Label the terms of the composite model

  • \(Y_{ijk}\): Price of house \(k\) in district \(i\) sold in time period \(j\)

  • \(\alpha_0\):

  • \(\epsilon_{ijk}\):

  • \(u_{ij}\)

  • \(\tilde{u}_i\):


  • \(\sigma\): Variance component describing house-to-house variability within a given time period

  • \(\sigma_{u}\): Variance component describing variability between time periods within a district

  • \(\sigma_{\tilde{u}}\): Variance component describing district-to-district variability

Model A

Table 1 from Jones (1991)


Interpret \(\hat{\beta}_0\) (this is \(\alpha_0\) in our model notation)

Model A: Random effects

  1. Calculate the intraclass correlation for time.
  2. Calculate the intraclass correlation coefficient for districts.
  3. Is there evidence the multilevel model structure is useful for this data?

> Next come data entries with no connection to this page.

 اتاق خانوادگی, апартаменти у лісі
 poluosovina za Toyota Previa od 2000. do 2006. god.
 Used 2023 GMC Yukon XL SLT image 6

Model B: Covariates + random intercepts

  1. Write the composite model.
  2. Which variables appear to have a statistically significant effect on price?
  3. Use this model to interpret the effect of a double garage on the price of houses in Southampton.

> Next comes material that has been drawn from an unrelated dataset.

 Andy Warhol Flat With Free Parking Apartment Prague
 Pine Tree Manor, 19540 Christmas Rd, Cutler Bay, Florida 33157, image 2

Model C: Additional random effect

  1. How does this model differ from Model B?
  2. Write the composite model.
  3. Write the Level One, Level Two, and Level Three models.

Visualizing price by district over time

Figure 3 from Jones (1991)
  1. What do you observe from the plot?
  2. What terms in the model can be understood from the plot?
  3. How might you use this type of plot to support decisions you make in the analysis?

Price by district and bedrooms

Figure 4 from Jones (1991)
  1. What do you observe from the plot?
  2. What terms in the model can be understood from the plot?
  3. How might you use this type of plot to support decisions you make in the analysis?


How does our understanding of the effect of bedrooms differ in this model compared to Model B?

References

Jones, Kelvyn. 1991. “Specifying and Estimating Multi-Level Models for Geographical Research.” Transactions of the Institute of British Geographers, 148–59.
Roback, Paul, and Julie Legler. 2021. Beyond multiple linear regression: applied generalized linear models and multilevel models in R. CRC Press.